As we report on page 156, Germany aims by mid-century to produce at least 80% of its electricity, and more than half of the energy it needs for heating, from renewable energy sources such as sunlight and wind. Thousands of scientists and engineers are developing the power-storage and transmission technologies required to accommodate tomorrow’s fluctuating energy sources. The task is enormous. Nevertheless, given the growth rate of renewable energies in recent years — and the high level of public acceptance of the policy — the goals could be achieved even earlier than planned.
In the public’s perception, the Energiewende has less to do with global warming than it has with the nuclear disaster at Fukushima in Japan two years ago, which accelerated the proposed phase-out of nuclear power in Germany. In fact, the closure of eight nuclear power plants has made Germany — at least temporarily — more dependent on coal, which will make near-term reduction targets for greenhouse-gas emissions harder to achieve.
The German effort is no less impressive for all that. Merkel and the German public are displaying admirable courage in turning the country into a laboratory for energy policies (and technologies) which could become models for many industrialized countries. That the nation is running this costly and risky self-experiment against the background of a European arch financial crisis should stand as an enduring testament to Merkel’s leadership.
Germany, with its population of some 80 million, is an ideal test ground. The country can afford the Energiewende — which some commentators estimate will cost more than €1 trillion (US$1.3 trillion) — because its economy is doing well. And the country is large and diverse enough — economically, geographically and socially — to make the outcome of the great experiment relevant to the rest of the world.

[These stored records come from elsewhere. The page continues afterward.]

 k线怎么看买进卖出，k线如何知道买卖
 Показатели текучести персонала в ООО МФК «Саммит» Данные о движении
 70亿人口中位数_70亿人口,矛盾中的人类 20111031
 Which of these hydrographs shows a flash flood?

Merkel and the German public are displaying admirable courage in turning the country into a laboratory for energy policies.
If German’s transition to cleaner energy succeeds, then the country will have learned scientific, technical and economic lessons that it will take to the market place and that will solidify its leadership in green technologies. Countries that might eye the German plans with some scepticism now could eventually build on these technologies when they start to reshape their own energy systems.

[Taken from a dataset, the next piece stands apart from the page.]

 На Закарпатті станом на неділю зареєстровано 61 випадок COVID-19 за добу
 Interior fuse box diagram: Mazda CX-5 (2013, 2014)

If the Energiewendefounders, however, it will send out a very negative message. Sceptics worldwide will argue that if Germany can’t make it work, then nobody can. It is crucial, therefore, that Germany maintains its chosen path through whatever storms may come and even if moans about high electricity prices become more audible.
Ultimately, any truly green economy must include all economic sectors. The Energiewende will not be complete without a new approach to transport. It took generous incentives to convince millions of German homeowners to invest in expensive (and aesthetically debatable) rooftop solar panels. Convincing Germans — or any other nation — to switch to battery-driven or electric cars will be even harder. Without incentives for car makers to produce those cars, and for motorists to buy them, it will not happen. But as seen in the rush for the ‘cash for clunkers’ bonus (as part of the economic stimulus of 2009 the German government paid car owners a €2,500 premium to exchange a car more than nine years old for a new one), such incentives can mobilize massive behavioural change. An effective green-car programme, backed by investment in the necessary infrastructure, would be an unmistakable signpost on the road to the post-fossil-fuel age — and not only in Germany.